Florence is a far-reaching, slow-moving storm.

Florence is a far-reaching, slow-moving storm.

Hurricane Florence has made landfall near Wrightsville Beach, N.C., with strong storm surge, heavy rains and strong winds that stranded more than 200 people in the New Bern, N.C., area who needed to be rescued. More than 250,000 people were without power at daybreak.

According to numerous reports, New Bern-based WCTI-TV NewsChannel 12 posted on its Facebook page last night that its employees had to abandon the studio for the first time in the company’s history. New Bern is along the Neuse River about 90 miles northeast of Wilmington. The station said that roads around the station’s building were flooding.

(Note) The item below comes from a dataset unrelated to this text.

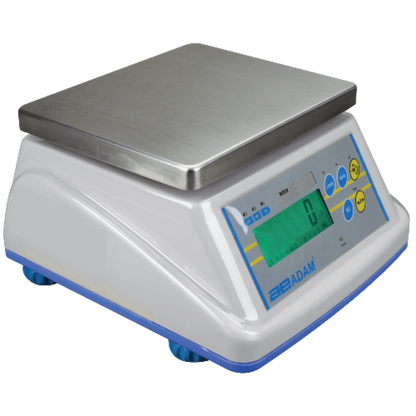 Adam Equipment Washdown Scale - 6 x 0.002 lb/3 x 0.001 kg - WBW 6aM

At 8 a.m., the National Oceanic and Atmospheric Administration’s National Hurricane Center had the storm 10 miles east of Wilmington, N.C., and 65 miles southwest of Myrtle Beach, S.C., with maximum sustained winds of 90 mph. Hurricane force winds extend outward up to 80 miles from the center of the storm and tropical-storm-force winds extend to 195 miles.

The biggest concern for forecasters remains the speed at which the storm is moving, about 6 mph. The NHC said in a statement, “A turn toward the west at a slow forward speed is expected today, followed by a slow west-southwest motion tonight and Saturday.” The center of the storm is expected to move across extreme southeastern North Carolina and east South Carolina today and Saturday. It will then move north across the western Carolinas and the central Appalachian Mountains early next week.

Storm surge also remains a worry with levels expected to reach a maximum height of 11 feet from Cape Fear to Cape Lookout, N.C., with higher amounts in the Neuse, Pamlico, Pungo and Bay Rivers.

Rainfall will also contribute to flooding with up to 25 inches expected in southeastern coastal North Carolina and into South Carolina, with totals possibly reaching 40 inches in isolated locations.